Rule 1 - Pay Attention to Volume

Most people look only at price when they plan their equity investments. That's the focus of most news reports too. But we have data about volume as well as price. Volume is the number of shares traded. Ignore volume at your peril. Volume shows how much money is flowing in or out of an equity investment.
* The higher the volume, the more money behind a price move.
* Unusual high volume means traders expect a new trend.
* Unusual high volume and rising price is bullish.
* Unusual high volume and falling price is bearish.
* A sudden volume spike may mean insiders or funds are trading.
* Insider and fund trades may signal future price moves.
* Volume rises when traders get emotional.
* Price surges and panics have huge volumes.
* Volume grows before a big price move.
* Volume falls after a big price move, when the emotional crowd is done buying or selling.
* Low volume price moves say little about the trend.

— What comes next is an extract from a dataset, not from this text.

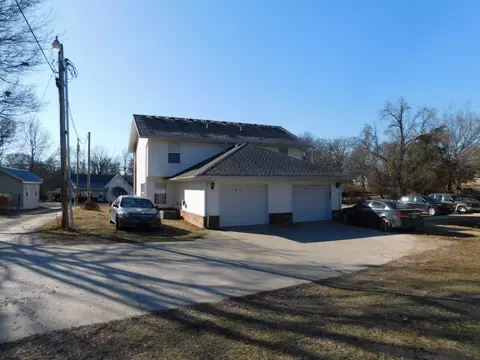 Exterior - 406 W Cale, Monett, MO 65708 photo 2 of 2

Time to sit and wait.
So never buy on price alone. Let volume confirm your ideas about price direction.

Rule 2 - "Buy the Rumor, Sell the Fact"

This old Wall Street saying tells us how markets price your equity investments. It's all about what people expect. Traders buy when they expect good news. That drives prices up.
* Any expected good news can do it -
* About a company, an industry, the market, the national economy, the US Dollar, etc.
Traders look at the future to decide what to buy now.
* They want to buy ahead of the good news.
* When the good news breaks, prices are already up. The good news is "priced in."
* That's when pros sell - because there's no more upside.
* The public is amazed when prices fall after such good news.
This doesn't work as well with bad news.
* Bad news is often a surprise.
* Prices may fall too fast for traders to adjust when bad news breaks.
The price of your equity investments is a look 3 - 6 months into the future. So buy when prices drift up because of expected good news. Be ready to sell when the news arrives.

Rule 3 - Buy More When the Market Proves You Right

Traders buy when they expect their equity investments to go up. Traders also buy when prices actually do go up. Big difference! Smart traders know in advance the most they'll put into a stock.
* They don't put it all in at once.
* They open a position and wait to see what happens.
* They buy more when the market proves them right and the price goes up.
* So long as the price goes up, they buy more step by step.
* Their average cost per share is lower because they buy in stages.
* This lowers their risk.
If the price starts to fall, they can back out with most of their profits. If you buy only when prices are already up, they've got to keep going.
* Your risk is higher, because a falling price means an instant loss.
Buying in stages when the market proves you right is called "scaling up." Do it for safer equity investment.